Final PICMG ratification of the COM-HPC specification is scheduled for the first half of 2020; in the meantime, the PICMG subcommittee already approved two key aspects in November 2019: the physical footprints and the pinout. This up-front approval enables companies involved in the definition of the specification to present their first products on the market shortly after the standard’s official ratification. The information that may be released to the public until that moment is strictly limited.
IHS Markit estimates that Computer-on-Modules (COMs) will account for around 38% of total sales of embedded computing boards, modules, and systems in 2020. This large share explains the significance of changes in this market, which – since the launch of the very first COMs – has created two important standards for high-end embedded computing: ETX and its successor COM Express. (Figure 1.)
Higher performance, more interfaces
The need for a new specification to complement COM Express is easily explained: As a result of the digital transformation, demand for embedded computers to provide high-speed performance is growing. To serve the new class of embedded edge servers, scalability must be limitless. With its 440 pins, COM Express does not have enough interfaces for powerful edge servers.

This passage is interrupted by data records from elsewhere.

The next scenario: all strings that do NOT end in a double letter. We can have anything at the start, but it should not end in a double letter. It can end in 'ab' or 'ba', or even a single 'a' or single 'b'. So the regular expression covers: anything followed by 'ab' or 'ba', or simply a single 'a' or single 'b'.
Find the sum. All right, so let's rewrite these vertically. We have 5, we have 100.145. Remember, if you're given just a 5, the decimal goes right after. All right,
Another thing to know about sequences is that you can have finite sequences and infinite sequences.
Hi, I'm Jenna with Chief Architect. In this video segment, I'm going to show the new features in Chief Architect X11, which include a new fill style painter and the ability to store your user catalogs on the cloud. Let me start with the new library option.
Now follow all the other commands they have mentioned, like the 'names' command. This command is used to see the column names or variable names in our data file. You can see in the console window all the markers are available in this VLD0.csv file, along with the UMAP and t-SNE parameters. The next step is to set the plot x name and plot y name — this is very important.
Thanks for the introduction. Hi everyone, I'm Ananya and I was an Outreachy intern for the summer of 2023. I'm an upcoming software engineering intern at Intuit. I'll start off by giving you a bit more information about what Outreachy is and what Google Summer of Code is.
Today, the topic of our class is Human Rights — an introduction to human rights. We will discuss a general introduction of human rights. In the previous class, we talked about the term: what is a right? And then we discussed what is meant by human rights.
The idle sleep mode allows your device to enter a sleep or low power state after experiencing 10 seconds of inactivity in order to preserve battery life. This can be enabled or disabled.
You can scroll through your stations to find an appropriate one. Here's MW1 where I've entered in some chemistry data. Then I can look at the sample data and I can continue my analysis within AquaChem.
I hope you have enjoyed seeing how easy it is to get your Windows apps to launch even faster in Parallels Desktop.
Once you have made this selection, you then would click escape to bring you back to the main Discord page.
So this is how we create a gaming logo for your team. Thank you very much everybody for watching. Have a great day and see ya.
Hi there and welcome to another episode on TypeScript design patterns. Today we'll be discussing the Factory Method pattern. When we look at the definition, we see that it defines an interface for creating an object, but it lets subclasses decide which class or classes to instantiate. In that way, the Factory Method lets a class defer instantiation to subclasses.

The performance of the COM Express connector is also slowly approaching its limits: While COM Express can easily handle the 8.0 GHz clock speed and 8 Gbit/sec throughput of PCIe Gen 3, the verdict is still out regarding whether the connector meets certain technological advances such as PCIe Gen 4.
Headless embedded server performance
The need for ultra-high embedded edge performance and extended connectivity is most pressing in the new class of headless edge servers that are increasingly used as distributed systems in industrial applications for harsh environments and over extended temperature ranges. An example of the need for high performance on the edge: An autonomous vehicle uses vision and AI logic to establish situational awareness. It simply cannot wait for an algorithm to be computed in the cloud when things get tricky; it must be able to react instantly. The same idea applies to collaborative robots. Both of these examples would require systems to provide at least 10 GbE connectivity as well as the ability to use a large number of parallel computing units – for example, to preprocess imaging sensor data or to execute complex deep learning algorithms. Today, GPGPUs are increasingly being used to execute such flexible and multifunctional tasks. Often replacing FPGAs and DSPs, they need high-speed connectivity towards the central CPU cores, with this need increasing with the complexity of the tasks. With their many PCIe lanes, COM-HPC systems can accommodate significantly more accelerator cards for further performance increases than COM Express ever could.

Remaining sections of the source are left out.